米国銘柄分析記事というカテゴリーを設けて、主要米国企業の財務分析を公開しています。今年2018年からは、簡単ではありますがバランスシート情報も掲載しています。

ブログに限らず仕事でも、企業の財務データを見る時は、事前に「こんな感じになっているはずだろうな~」という仮説を持つように心がけています。難しいことは考えません。シンプルにたとえば「法人減税あったから、今年は純利益上がっているはずだ。」くらいです。そういう仮定を持っていれば、もし純利益が下落していることがあればピンっと網に引っかかります。「ん、なんでだろう?」と疑問に思います。その疑問を大切にしています。監査法人で働いている時は、特にこの発想を大切に仕事をしていました。

バランスシートも、事前にBS像をイメージしてから見るようにしています。「自己資本比率30%くらいかな~」とか「無形資産が多いかな~」とか。

 

アルファベットのBSは意外だった! 現金持ち過ぎ。

さて、今日アルファベット(グーグル)の銘柄分析記事を更新しました。初めてアルファベットのBSを見ました。ちょっと驚きました。想定していたBSからだいぶ乖離してたからです。

2017年12月末のアルファベットのBSイメージを描いてみます。


このBSはちょっと想定外で驚きました。

現金持ち過ぎじゃね!!って率直に思いました。超金持ち企業です。キャッシュリッチです。アルファベットはAIとかクラウドとか自動運転とか、色んな先端技術に積極投資している印象を持っていて、資産の大半は無形資産だと思い込んでいました。

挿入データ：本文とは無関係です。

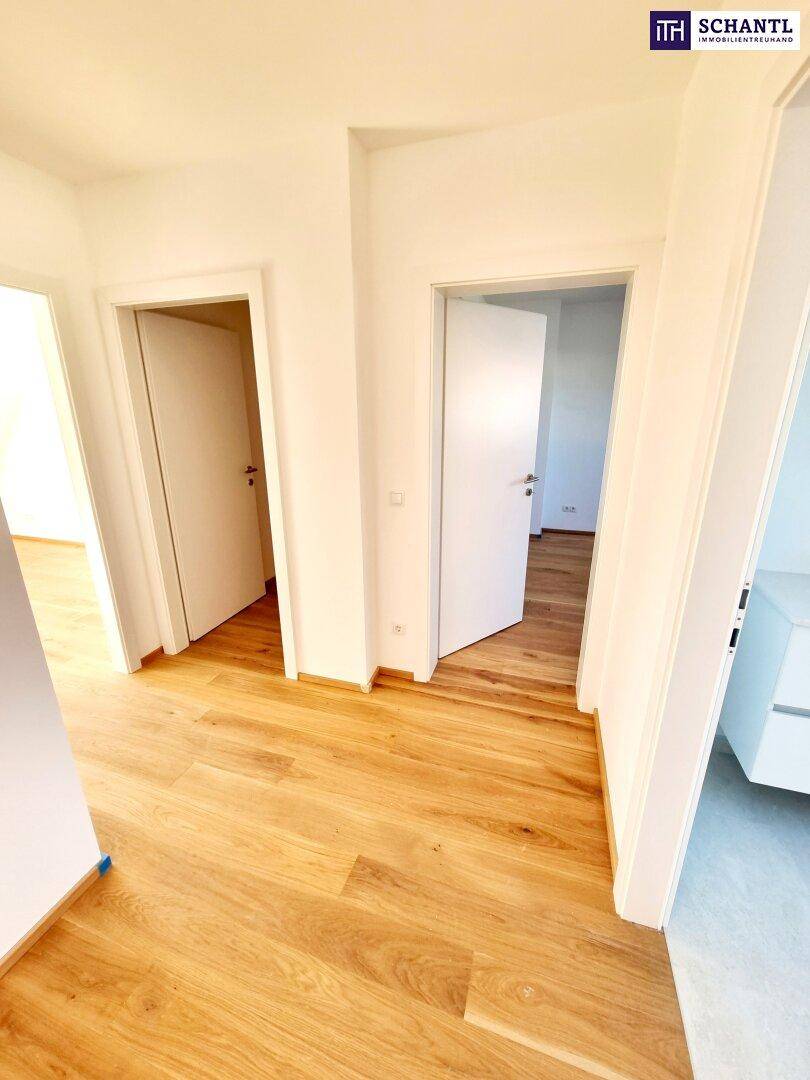 Heller Flur mit Holzboden und Zugang zu mehreren Zimmern, modern und einladend.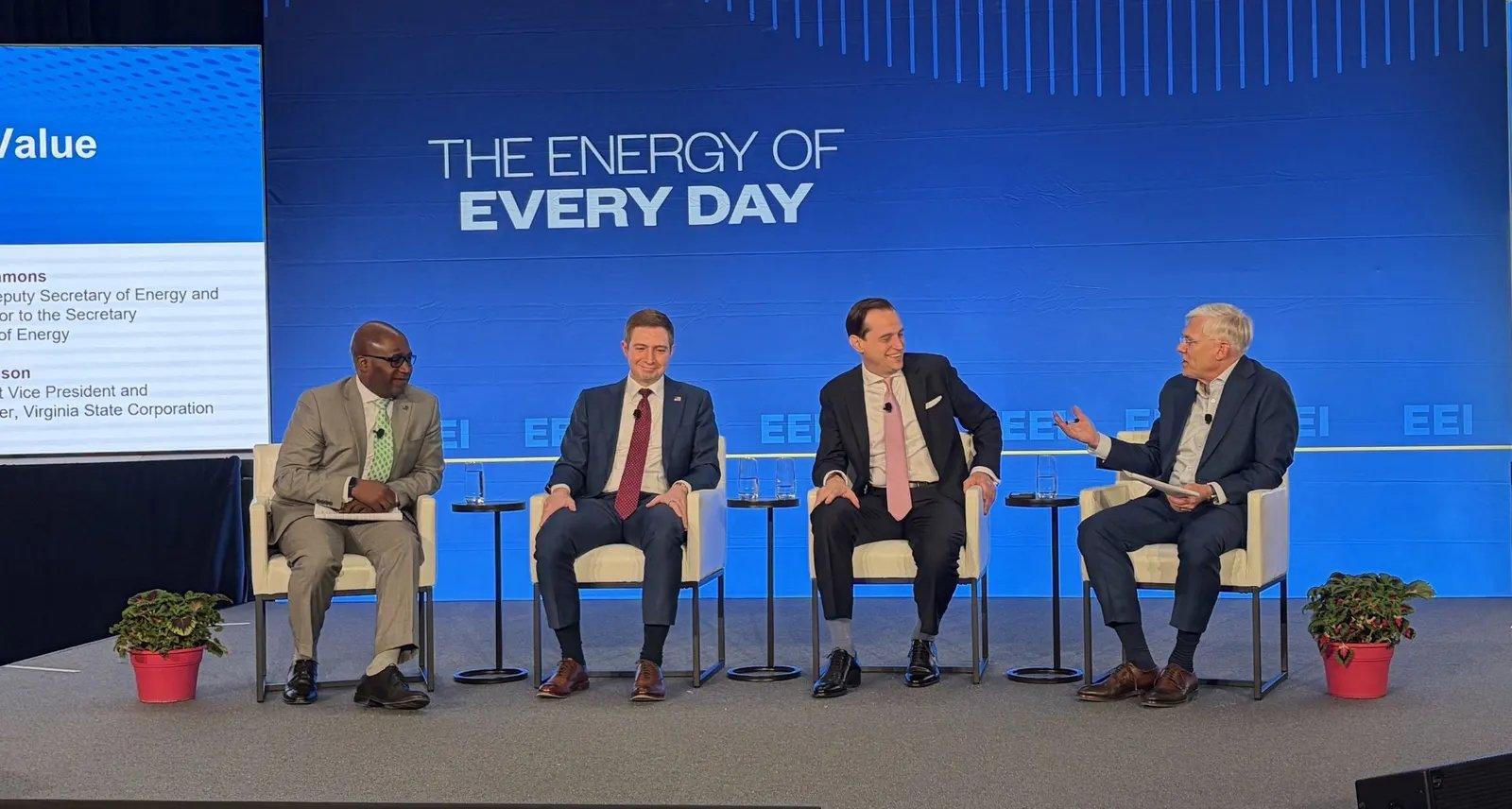 Vier Personen stehen auf einer Bühne, der Hintergrundbildschirm zeigt „Tägliche Energie“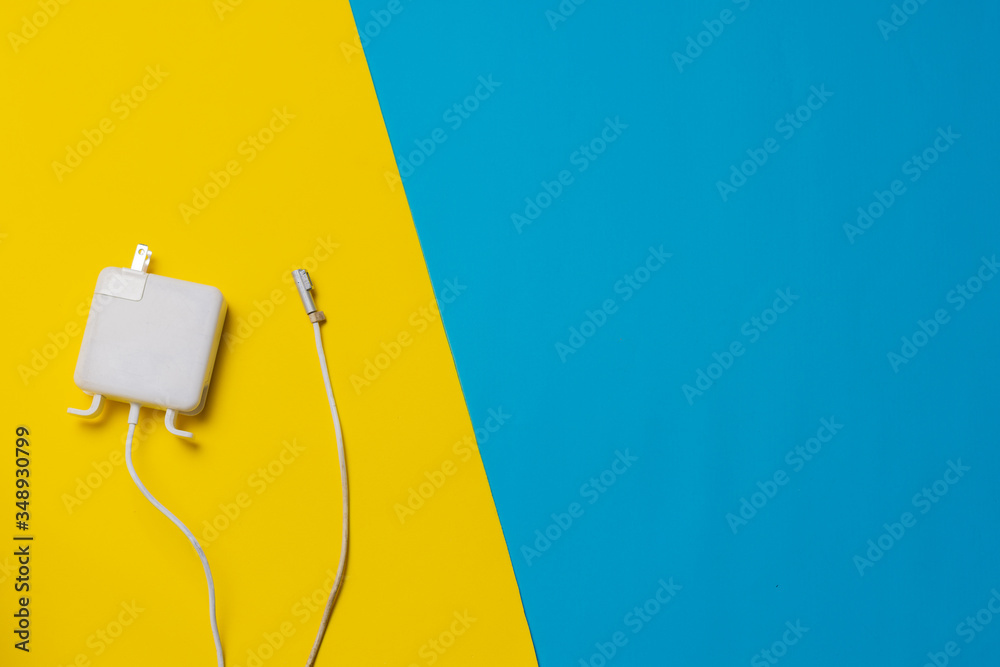 Laptop charger over blue yellow background. Battery life concept. topic of electric energy in travel. mobility concept. digital nomad concept. job online concept. copy space Laptop charger over blue yellow background. Battery life concept. topic of electric energy in travel. mobility concept. digital nomad concept. job online concept. copy space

実際は現金が半分以上とはサプライズです・・。

で、もう一つ驚いたのがBSの右側です。事業が安定している企業ほど負債を活用して、ビジネスにレバレッジを掛けて利益率を上げようとするものです。グーグルが広告ビジネスで荒稼ぎしているのは知っていたので、負債比率は高めかな~と想定していました。たとえば、アップルの負債比率は65%ですが、アルファベットもそれくらいはあるかなと思っていました。そしたら蓋を開けてみれば、アルファベットの負債比率は僅か23%しかなく、借金はほとんどしていませんでした。

ネットデット(純有利子負債)という言葉があります。借金があっても、それに対応する現預金があればそれは実質的には無借金と言えるだろうという考えです。100万円の借金があっても、同額100万円の現金が手元にあるなら実質借金ゼロだよねってことです。ネットデットは「有利子負債-現預金」で算出できます。

アルファベットのネットデットはいくらでしょうか?

リース債務と長期借入金と合わせても134億ドルほどです。対して保有している現預金(正確には短期投資も含む現金同等物)は1,000億ドル超(10兆円超!)です。借金全部返済しても900億ドル近くもの金が余る計算です。

つまり、アルファベットは実質無借金経営です。無借金どころか、溢れそうなくらいのキャッシュがあって困っているくらいです。めっちゃくちゃ金持ちです。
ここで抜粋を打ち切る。